A bit earlier in the same chapter, Victor explicitly refuses to tell Walton the Secrets of Life and Death

Values dissonance. To Kesey and his circle, that wasn’t incompatible with being just a free spirit, particularly since it was “only” statutory rape.

The Island of Dr. Moreau is not about a mad scientist creating human-animal hybrids. The title character’s hypothesis is that the only thing stopping animals from being human is the anatomical inability to function as humans and his experiments involve things like surgically altering the larynxes so that they will be able to speak, and orthopedic surgery so that they can walk upright. It’s a much more subtle look into what exactly differentiates humans from other animals than I got from the popular conception (or the 1996 movie) which is more about pure horror and more random experimentation.

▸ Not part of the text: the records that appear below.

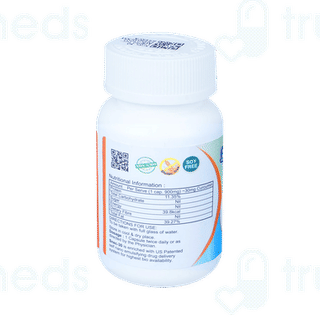 Snec 30 Curcumin Capsule 30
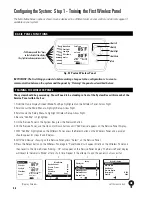 Preview for 46 page of Balboa Instruments Poolux Installation And Configuration Manual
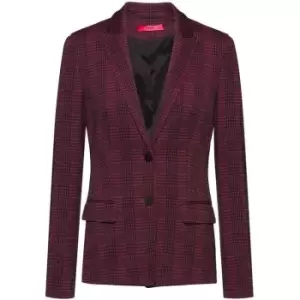 Image of Boss Boss The Long Jacket - Brown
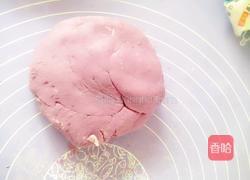香甜紫薯球（18个月宝宝辅食）的做法图解8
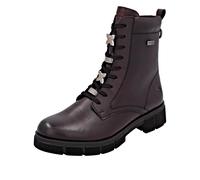 REMONTE Bottines à lacets bordeaux, Taille 37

On the tv series all of the animals understood Swahili, or at least something that was I think supposed to be Swahili.

Authentic African Gibberish.

None of the movie versions got the story straight, really. They all edgfed toward horror, but none of them had straight surgical procedures for the animal-to-human conversion. The 1930s Island of Lost Souls used radsiation to convert animals to human (and, at the end, convert Moreau to semi-animal). The 1970s Burt lancaster/Michael Work version used biochemical conversion. The 1996 Marlon Brando film was an utter mess, with the force of wills of Brando and Val Kilmer skewing the film, and the screenwriter infiltrating the set as an extra.
As a friend pointed out years ago, films and popular conception rarely seem to properly grasp what Wells was getting at in his books. Wells was really doing Swiftian satire at the end of The Island of Dr. Moreau, with Prendick seeing savage insights into human behavior among the beasts after moreau’s death, and doing a Gulliver/Houyhnym thing after returning to civilization.

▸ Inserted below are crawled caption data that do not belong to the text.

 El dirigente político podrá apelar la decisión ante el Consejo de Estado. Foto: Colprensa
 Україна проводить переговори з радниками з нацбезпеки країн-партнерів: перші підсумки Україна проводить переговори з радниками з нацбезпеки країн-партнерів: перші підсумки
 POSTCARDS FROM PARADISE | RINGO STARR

The book makes it clear that the surgery was done without anesthesia. (:eek:)

The book (and films) Nineteen Eighty-Four. First of all, it’s often misrepresented as “1984”, but I guess new editions on Amazon spell it that way now so it’s ok. Just another example of history being erased I suppose.

More importantly, it’s not a cautionary tale about government surveillance. Surveillance technology features prominently in the book, but that’s only a small part of it. The book is a cautionary tale about human nature. It describes a stagnant xenophobic society where people willingly give up their freedom in the name of (perceived) safety and conformity. They will conveniently ignore any facts or figures that doesn’t reconcile with the party message, even as they create that message themselves (so-called “doublethink”).
But most people just say “it’s like 1984” whenever someone invents a better CCTV camera.

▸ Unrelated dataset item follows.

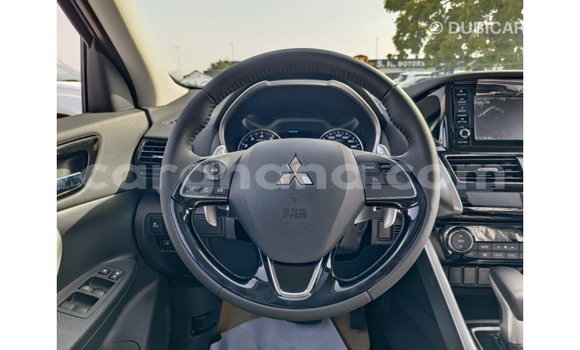 Buy Import Mitsubishi Eclipse White Car in Import - Dubai in Ashanti Buy Import Mitsubishi Eclipse White Car in Import - Dubai in Ashanti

I think you’re both right. They are creating artificial worlds so it is a sort of VR technology. But it’s creating by tapping into a persons subconscious while they are sleeping, causing them to experience the VR world as a dream.

Also, IMHO I’m glad they limited any crazy psychedelic dreamscape stuff, even if that’s not really how people dream. Dreams “feel” real, regardless of how bizarre they are, but films about bizarre dreams do not.
Or to quote another expert on VR:
“Have you ever had a dream, Neo, that you were so sure was real? What if you were unable to wake from that dream? How would you know the difference between the dream world and the real world?”
-Morpheus, The Matrix

Atlas Shrugged is not about “screw the poor”. It is a cautionary tale against the corrupting nature of collectivism. That when people feel entitled to take from those who create to give to those who can’t or won’t, it ultimately hurts the poor by destroying the businesses they could have worked for, stopping production on the products and services they could have benefited from.